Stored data
━━━━
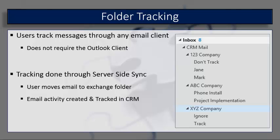By creating exchange folders underneath your inbox, you can automatically move a message to that folder and once that message is moved, an email activity will be created and tracked in CRM. Now I have the capabilities to access any email or track any email in the application regardless of the email client that I'm using, as long as that email client has access to my exchange server.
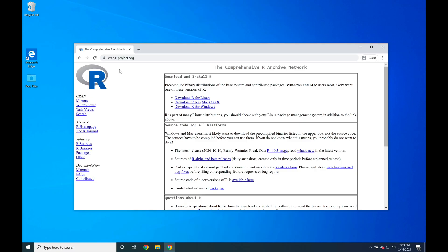Greetings and salutations all. In this video we're going to walk you through downloading R for Windows and installing it.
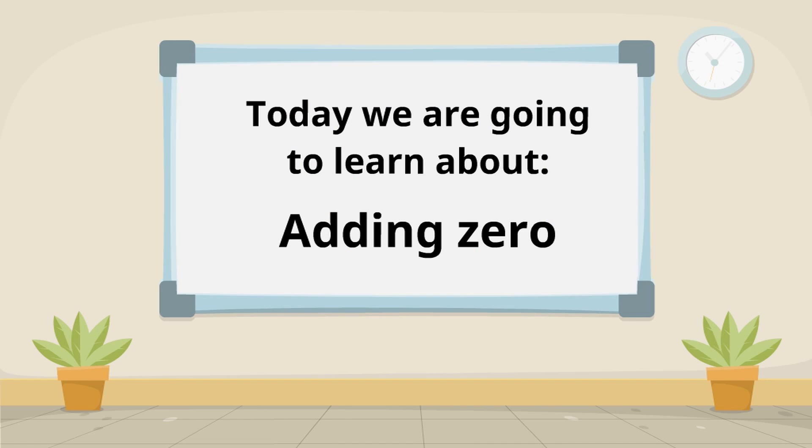Today, we're going to learn about adding zero. We're going to learn about how to do addition problems that have the number zero.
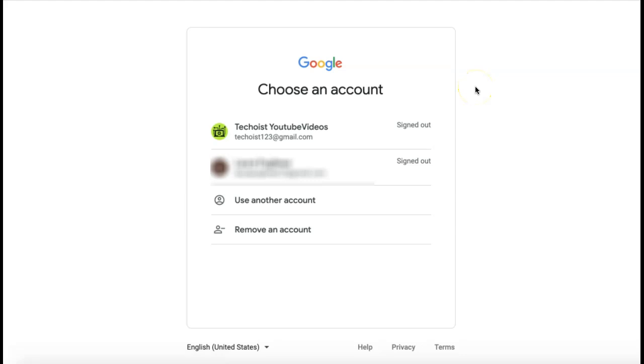And just below your various accounts that you can sign in with, you'll see an option to remove an account.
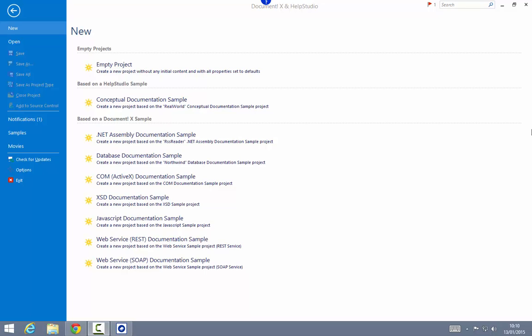A range of publishing methods are supported. You can publish to an Azure website, a website running on IIS — that's Microsoft Internet Information Services — or a website that supports uploading via FTP. You can also publish to a local network path.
━━━━
Your answer must be an exact repeat of the records above, with the pictures left out.

By creating exchange folders underneath your inbox, you can automatically move a message to that folder and once that message is moved, an email activity will be created and tracked in CRM. Now I have the capabilities to access any email or track any email in the application regardless of the email client that I'm using, as long as that email client has access to my exchange server.
Greetings and salutations all. In this video we're going to walk you through downloading R for Windows and installing it.
Today, we're going to learn about adding zero. We're going to learn about how to do addition problems that have the number zero.
And just below your various accounts that you can sign in with, you'll see an option to remove an account.
A range of publishing methods are supported. You can publish to an Azure website, a website running on IIS — that's Microsoft Internet Information Services — or a website that supports uploading via FTP. You can also publish to a local network path.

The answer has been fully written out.